- Monitor your credit: It’s difficult to improve your credit score if you don’t know what it is to begin with. There are many sites that offer a free credit report yearly and other sites provide you with your score from each of the three bureaus as well as daily credit monitoring so you are notified about any changes in your score as well. Some sites even let you know how your score might improve if specific actions are taken.
- Correct any errors: After looking over your credit score, you may find an error. Some errors may be simple office mistakes and others may be something more serious such as identity fraud. In fact, in 2012 alone, 52 million Americans had errors on their credit report according to the FTC. If an error is found, contact the credit bureau that the error was found in.
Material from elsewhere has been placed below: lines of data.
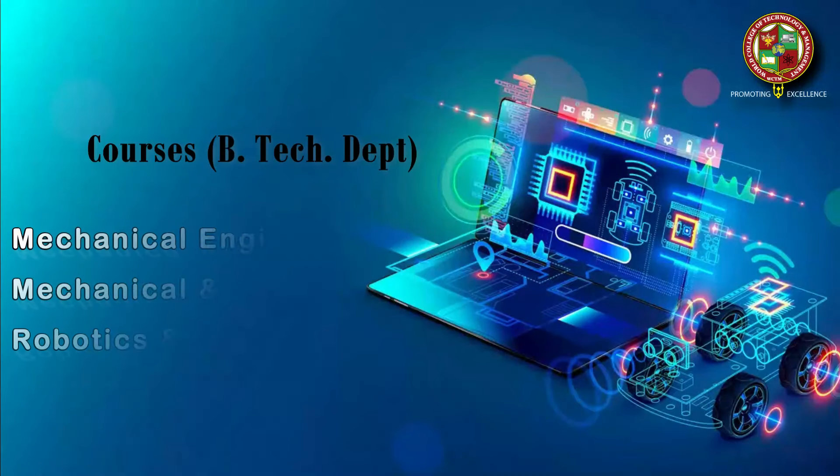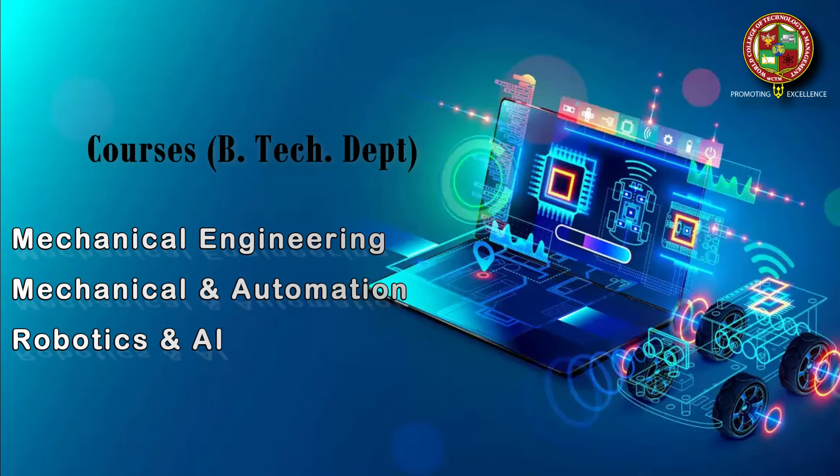Welcome everyone to the Mechanical Department of World College of Technology and Management. Today I'm going to tell you about the courses offered by WCTM in the BTEC department. In the mechanical department, we have three courses: Mechanical Engineering, Mechanical and Automation, and Robotics and Artificial Intelligence. BTEC is a four-year integrated program, and students who have recently completed their 12th class can opt for these courses.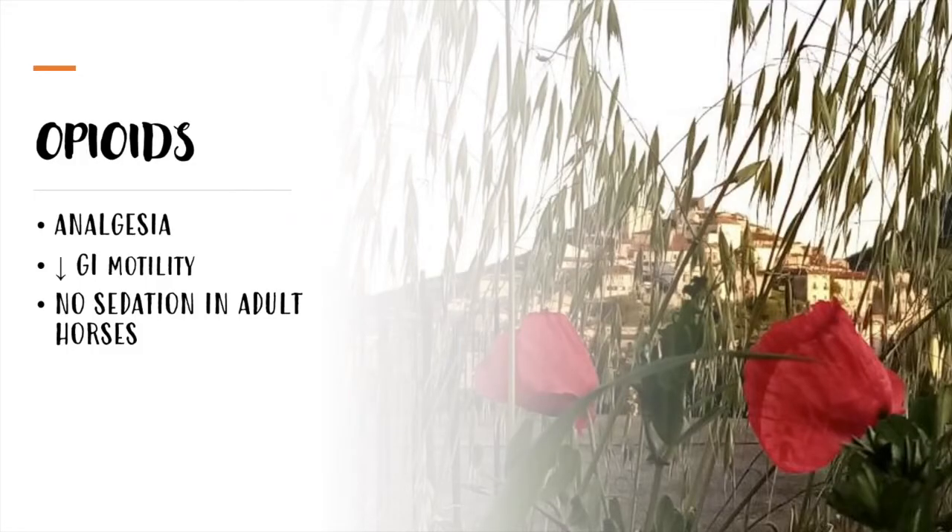Opioids are used as analgesics, as they don't give sedation in adult horses. On the contrary, when administered intravenously alone, they can cause central nervous system stimulation and increased locomotor activity. An adverse effect of opioids is that they can reduce gastrointestinal motility.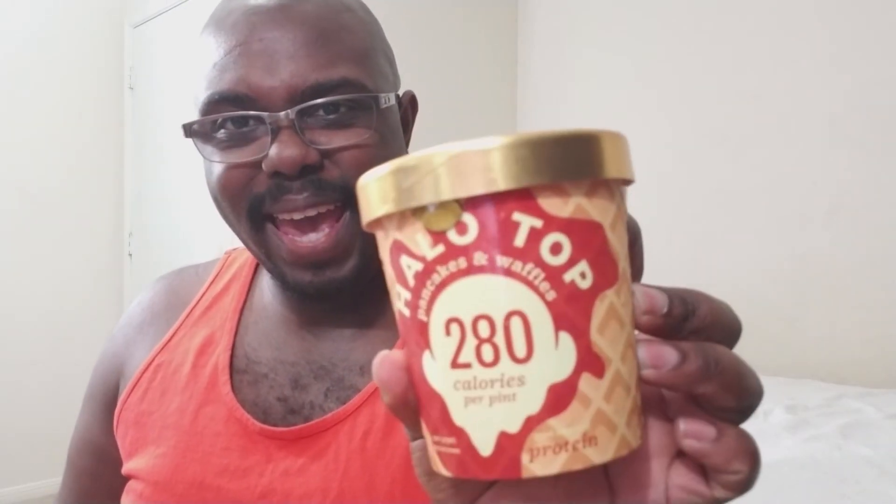Alright, last review — we have pancakes and waffles. Why argue which is better, pancakes or waffles, when you have both? For some reason when I first saw this flavor I thought it was going to be chicken and waffles, but I guess that's a dream — or that's a million dollar idea. Chicken and waffle ice cream? Someone get on that. Contact Halo Top — that's the next flavor.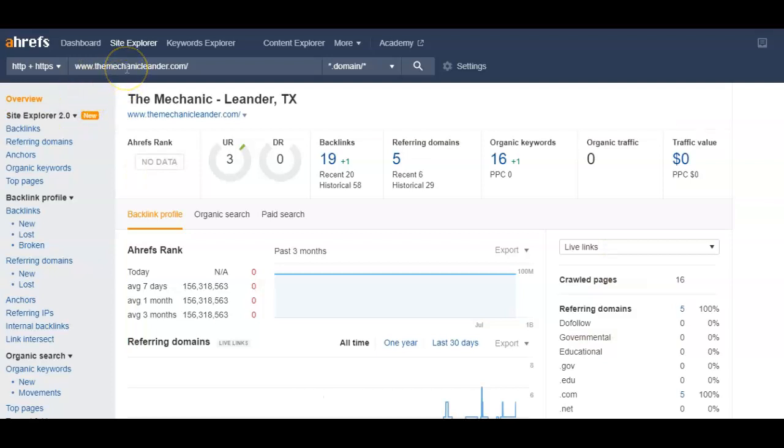The program we use is called Ahrefs. We plug in any website on the web and it spits out some rankings and feedback to give us an idea of how to optimize a website to rank better in Google. There's a rank where your website would be placed — probably in the millions, we're talking about billions of websites. So really all we care about is everything to the right here. Your URL rating is a rating of both your on-site and your off-site SEO.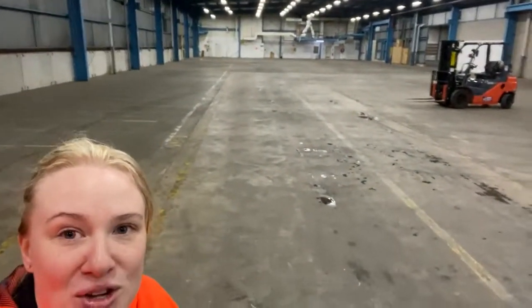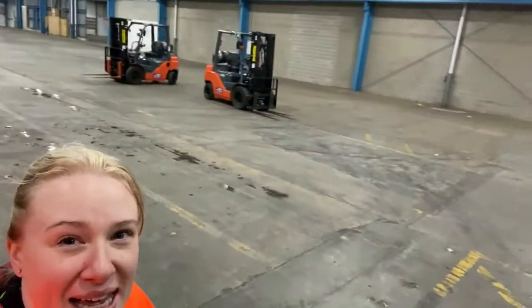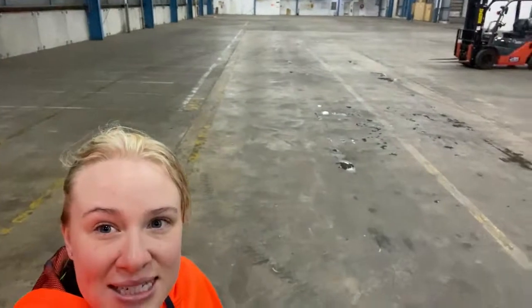Good morning everybody. I've never been so excited to be up at 5am. Here I am introducing you to our new distribution centre. Look how big it is! Lyndall shouldn't have any reason to jump on the internet and complain about me anymore. Very, very exciting.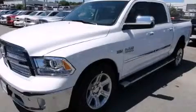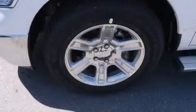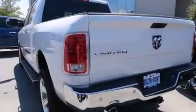This is a brand new 2014 Ram 1500. It features a 5.7-liter 8-cylinder engine and an automatic transmission.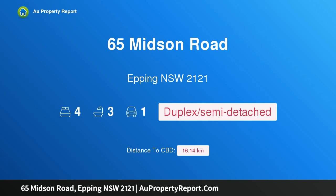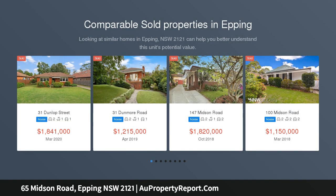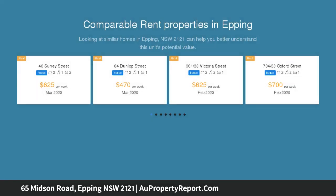I am glad to introduce property 65 Midson Road, Epping, New South Wales 2121. Full brick duplex with luxurious finishes in a sought-after location. Flawlessly presented, showcasing luxurious living and space to entertain, this expansive double brick duplex offers everything you are searching for — the epitome of contemporary living over two levels.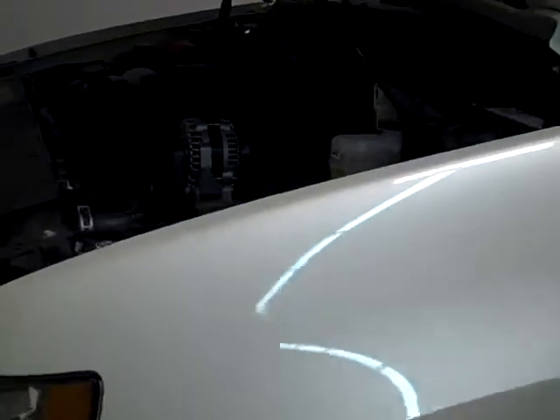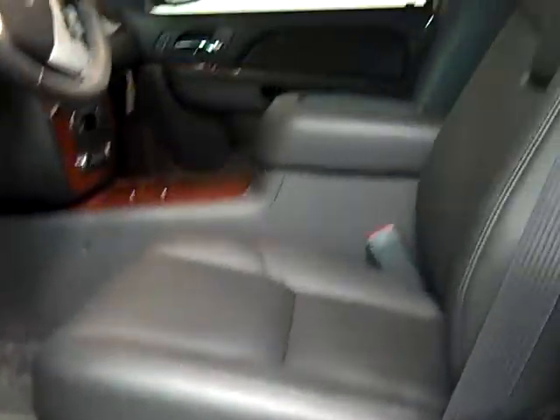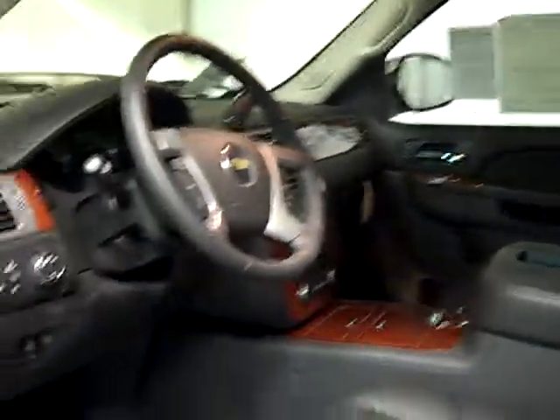This has a 5.3 V8 engine. This model today is the LTZ, which is going to come with heated and cooled front leather seats. This also has the navigation system and power pedals.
- Lower your credit utilization ratio: Aside from correcting any errors found and making payments on time, it’s also important to not use too much of the credit available to you. Having credit available to you is a good thing, however, using a high percentage of that available credit will be reflected negatively on your credit report. To help keep this ratio down, don’t close old credit accounts, even if you no longer use them. Make an effort to not max out credit accounts. If you don’t have very much credit available to you, try opening a new credit card with a low APR; many credit cards offer 0% APR for the first 12-18 months. If you don’t think you will be approved for a credit card, avoid applying for one since an inquiry into your credit history may slightly lower your score in the short term.
- Be aware of balances and payment due dates: Always know what your account balances are and when the payments are due. Making late payments definitely lowers your credit score and if you are delinquent on an account, try to start making at least the minimum payments as soon as possible. If you are paying off a credit card and paying a lot of interest at the same time, try transferring your balance to a card with 0% interest.